Although he lost in their first light heavyweight title bout, Anthony (Rumble) Johnson has shifted to being the -125 favorite against -105 slight underdog Daniel Cormier, the reigning champion, at sportsbooks monitored by OddsShark.com. Their rematch will cap off the card  at KeyBank Center in Buffalo, New York on Saturday.

Cormier opened as a -120 favorite with Johnson at -110, but the latter, as one of the hardest hitters in the Octagon, constitutes the classic irresistible force. Johnson only needs one great shot to decide a fight and the law of averages would dictate that the more he sees of Cormier, the better his chance to land it.

That said, Cormier can get the fight to the mat and to the cage and force Johnson to expend a great amount of his energy getting free.

The co-main event is a veritable toss-up, with Gegard Mousasi listed at -120 on the UFC 210 betting lines against ex-middleweight champ Chris Weidman, who has a price of -110. The lines might be a bit reputation-based, but Mousasi has won four consecutive fights whereas Weidman has lost his last two.
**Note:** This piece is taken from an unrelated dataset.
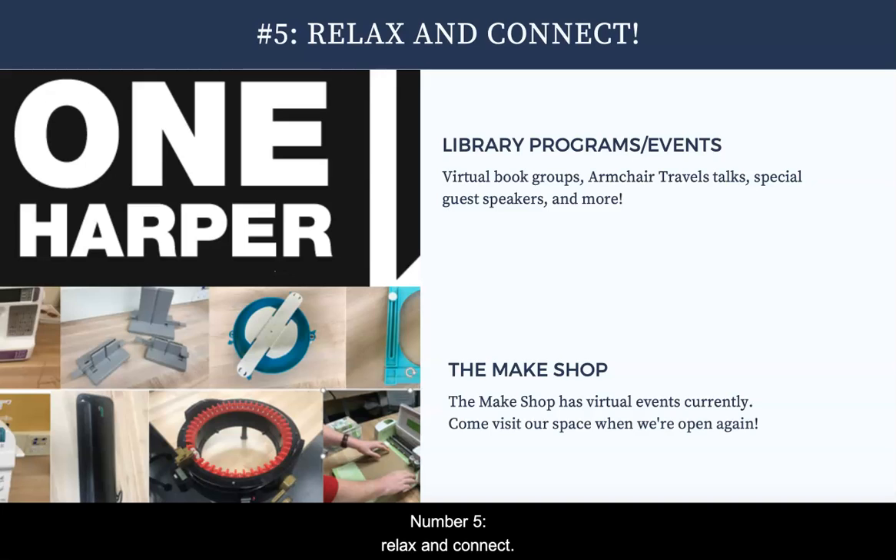Number five: relax and connect. The library offers ways to relax and connect too. Every year we offer programs in person, but right now we're offering everything online. We have things like book groups, a traveler series, guest speakers, and more. We also have the Make Shop, full of tools and technology you can use for school as well as for fun. While you can't visit the Make Shop right now, you can take some of the Make Shop's fun workshops online.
Mousasi also has a methodical approach that should serve to keep him out of trouble against Weidman, who in both of his losses fatigued when he wasn’t able to dominate early.

Welterweight Patrick Côté is a -160 favorite against +130 underdog Thiago Alves, who’s something of an enigma due to a 17-month layoff. Both prefer the standup game, but the match might turn on who uses his wrestling effectively, and that’s more likely to be the bigger Côté. Alves, at age 33, still has the speed to deliver devastating kicks.

Coming off a loss in his last bout, lightweight Will Brooks is a -240 favorite against +190 underdog Charles Oliveira. While Oliveira’s failures to make weight as a featherweight are well documented, Brooks has had the strength to go up a weight class to welterweight. The favorite should have a wrestling and strength advantage that will serve to negate the aggression of Oliviera, who is a good striker.

Women’s strawweight grappler Cynthia Calvillo is a -270 favorite against +210 underdog Pearl Gonzalez, who is making her UFC debut. Calvillo, who also won at UFC 209, is a rising prospect who has finished three of her four opponents by submission since turning pro. The 30-year-old Gonzalez’s best qualities are her wrestling and submission game. With Calvillo’s relative inexperience, this bout has upset potential.

Through the first three months of the year, there were 27 underdog victories in 87 UFC bouts, or 31 percent, according to OddsShark.com. Underdogs won at a 36.8 percent rate in 2016 and 38.5 percent in 2017, so one should expect the current rate to rise over the course of the year.